Jeff’s reaction to Orthodox Paradox? Noah Feldman had been too easy on the yeshivas of his youth.

I can’t help but look back on the bulk of my yeshiva education with bitterness. My teachers smoothed over all the tensions that animate contemporary Judaism, petrifying the faith they were trying to preserve. I’m not sure why they did this, why they hid away so much of Judaism’s complexity. Perhaps they weren’t attuned to this complexity themselves. Perhaps they thought we couldn’t handle the doubt complexity entails.

In college doubt set in any way. I ran away from Judaism then because, among other things, it seemed provincial compared to the highpoints of Western culture. There was nothing in yiddishkeit that could inspire me to the extent the classics did, nothing intellectually transcendent about the culture I had been told to worship. Nevertheless, I had been raised in this culture, so I figured I owed it another chance. When I attended The Pardes Institute I realized that it was my yeshiva education that had been provincial. The Pardes education was about exploring the nuances and contradictions my yeshivas had disavowed.

Examples of this abound. In the earlier grades Chumash was seen almost exclusively through the eyes of Rashi. The great biblical narratives were reduced to morality plays. Jacob was all good; Esau was all bad. By the time we got around to taking the text more seriously these sorts of assumptions were ingrained. In yeshiva, the Binding of Isaac was a test Abraham passed, one that only confirmed his unwavering commitment to God.

Pardes is an institute of Jewish learning open to post-college men and women. It was founded in 1972 and is located in Talpiot, Jerusalem.

In Pardes, it wasn’t so clear. Abraham responds to both the call of his son and the call of his God with the same word: “hineini”— dramatizing the extent to which he is torn between two imperatives (JPS Hebrew-English Tanakh, Gen. 22.7-11). [1] He cannot, in this moment, fulfill both the moral obligation he has to his son and the religious obligation he has to his Creator. He must choose. But does he choose rightly?

Isaac’s sudden disappearance from the story leaves room for doubt. Having sacrificed a ram in his son’s place, Abraham descends Mount Moriah and travels to Be’er Sheva. But what has become of Isaac? On this the text is silent. It’s as if Isaac remains on the mountain, forever abandoned. And indeed there is no record of any subsequent interaction between Abraham and his son. Nor is there any record of interaction between Abraham and his wife. In fact, Sarah dies in the very next chapter.

The Binding of Isaac need not be read as Abraham’s downfall, but ignoring the extent to which it can be deprives the text of much of its power. In Pardes we embraced those aspects of the story that complicate one’s esteem for Abraham, confronting the moral ambiguity that any suspension of the ethical entails.

My yeshivas also taught Bible without any mention of biblical criticism. Issues like how Moses recorded the passage that describes his death were waved away with a handy reference to the Midrash.
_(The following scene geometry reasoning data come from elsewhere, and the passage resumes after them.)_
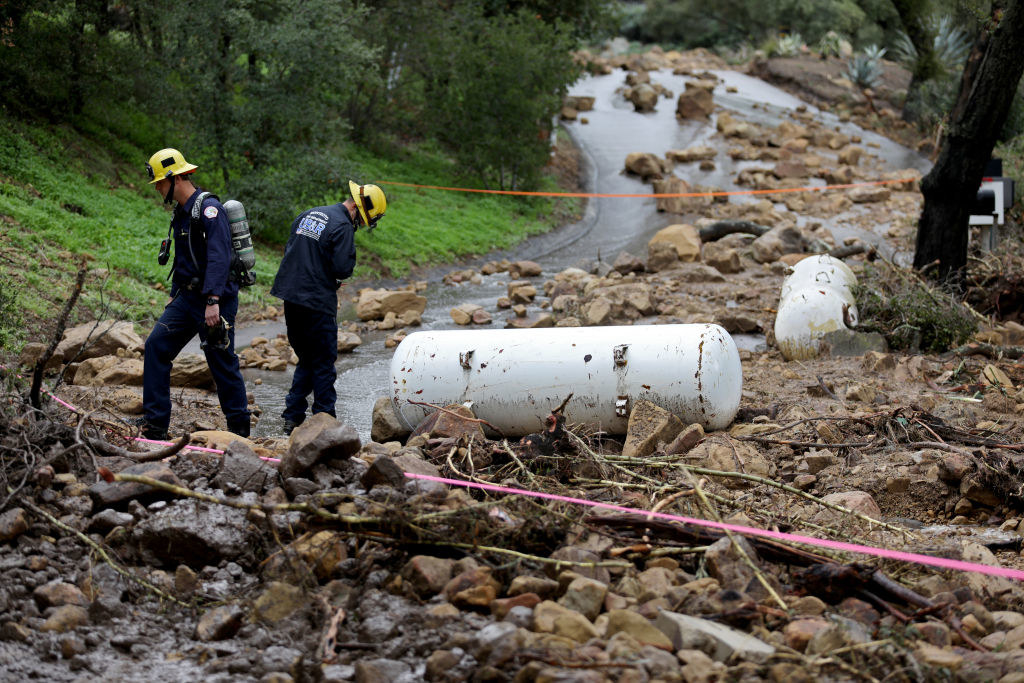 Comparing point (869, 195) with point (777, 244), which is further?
point (869, 195)

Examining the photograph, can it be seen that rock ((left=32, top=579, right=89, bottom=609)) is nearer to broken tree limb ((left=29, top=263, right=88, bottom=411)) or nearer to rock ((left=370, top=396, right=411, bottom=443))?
broken tree limb ((left=29, top=263, right=88, bottom=411))

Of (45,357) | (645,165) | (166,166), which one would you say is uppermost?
(166,166)

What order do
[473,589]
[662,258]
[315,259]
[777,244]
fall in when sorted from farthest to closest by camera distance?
[777,244] < [662,258] < [315,259] < [473,589]

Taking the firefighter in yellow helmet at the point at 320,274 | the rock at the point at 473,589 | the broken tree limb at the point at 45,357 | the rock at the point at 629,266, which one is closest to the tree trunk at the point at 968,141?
the rock at the point at 629,266

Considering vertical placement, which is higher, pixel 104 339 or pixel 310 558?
pixel 310 558

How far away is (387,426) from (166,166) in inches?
85.7

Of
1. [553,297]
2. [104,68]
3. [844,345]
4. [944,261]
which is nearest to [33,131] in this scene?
[104,68]

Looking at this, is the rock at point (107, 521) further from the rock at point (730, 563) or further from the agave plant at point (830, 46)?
the agave plant at point (830, 46)

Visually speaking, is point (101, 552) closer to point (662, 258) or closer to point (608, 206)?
point (662, 258)

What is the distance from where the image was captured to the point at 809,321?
808 centimetres

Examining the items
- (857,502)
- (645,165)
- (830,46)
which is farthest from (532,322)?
(830,46)

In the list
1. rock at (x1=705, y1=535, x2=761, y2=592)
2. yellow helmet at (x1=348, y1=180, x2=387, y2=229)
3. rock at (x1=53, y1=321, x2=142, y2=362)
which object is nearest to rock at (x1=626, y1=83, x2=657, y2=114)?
rock at (x1=53, y1=321, x2=142, y2=362)

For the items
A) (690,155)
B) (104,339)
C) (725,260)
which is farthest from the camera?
(690,155)

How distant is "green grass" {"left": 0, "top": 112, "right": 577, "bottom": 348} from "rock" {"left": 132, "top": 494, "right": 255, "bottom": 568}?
11.3 feet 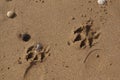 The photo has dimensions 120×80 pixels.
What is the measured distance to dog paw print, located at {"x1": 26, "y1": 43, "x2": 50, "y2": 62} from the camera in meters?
3.72

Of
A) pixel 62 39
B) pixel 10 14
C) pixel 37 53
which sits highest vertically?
pixel 10 14

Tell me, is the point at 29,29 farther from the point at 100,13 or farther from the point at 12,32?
the point at 100,13

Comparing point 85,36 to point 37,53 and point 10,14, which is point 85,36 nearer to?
point 37,53

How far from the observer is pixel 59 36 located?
3875 mm

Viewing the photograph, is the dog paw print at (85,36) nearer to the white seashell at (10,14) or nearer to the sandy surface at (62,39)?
the sandy surface at (62,39)

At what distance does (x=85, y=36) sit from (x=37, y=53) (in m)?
0.75

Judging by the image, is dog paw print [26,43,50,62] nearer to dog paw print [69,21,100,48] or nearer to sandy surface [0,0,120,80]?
sandy surface [0,0,120,80]

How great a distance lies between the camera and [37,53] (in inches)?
147

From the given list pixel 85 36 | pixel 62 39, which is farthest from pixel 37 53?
pixel 85 36

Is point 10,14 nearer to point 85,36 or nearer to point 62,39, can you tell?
point 62,39

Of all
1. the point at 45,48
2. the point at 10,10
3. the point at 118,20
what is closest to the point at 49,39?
the point at 45,48

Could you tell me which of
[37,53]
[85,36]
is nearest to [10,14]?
[37,53]

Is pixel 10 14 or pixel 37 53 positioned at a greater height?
pixel 10 14

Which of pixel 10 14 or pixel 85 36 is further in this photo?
pixel 10 14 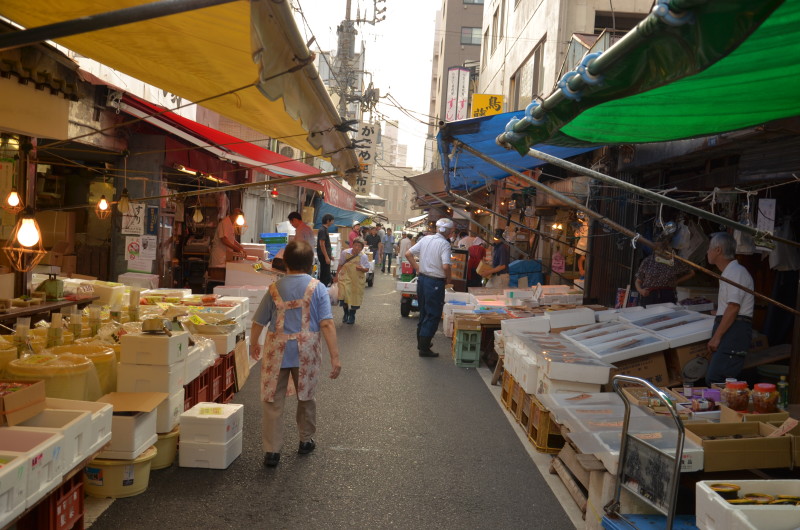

The important discussion of revelation that should have then ensued was sidestepped.

In Pardes, when we came across challenges to Mosaic authorship we welcomed the opportunity to consider the origins of the text before us. Encountering the phrase “and the Canaanites were then in the land” made us wonder whether this was a post-Mosaic insertion, and whether the medieval exegete Abraham Ibn Ezra can be considered a Biblical critic for suggesting as much (Gen. 12.6). [2] We devoted an entire unit to biblical criticism in the aftermath.

We also read the work of several Jewish thinkers responding to the discipline and its challenge to revelation. Norman Lamm regarded biblical criticism as “a nuisance but not a threat to the enlightened believer,” while Ira Eisenstein was convinced it had laid revelation to rest. [3] For Mordechai Breuer, the contradiction and incongruity critics pointed to in the Bible could be ascribed to its divine author, He whose “unity is disclosed through the encompassing of opposing aspects.” [4]

All this reading increased our appreciation for an issue over which so many great minds had evidently disagreed. The wealth of thought and scholarship generated by this one issue—whether God had ever made himself known to man—dazzled me. The depth and difficulty of the question was more inspiring than the pat, yeshivish answer had ever been.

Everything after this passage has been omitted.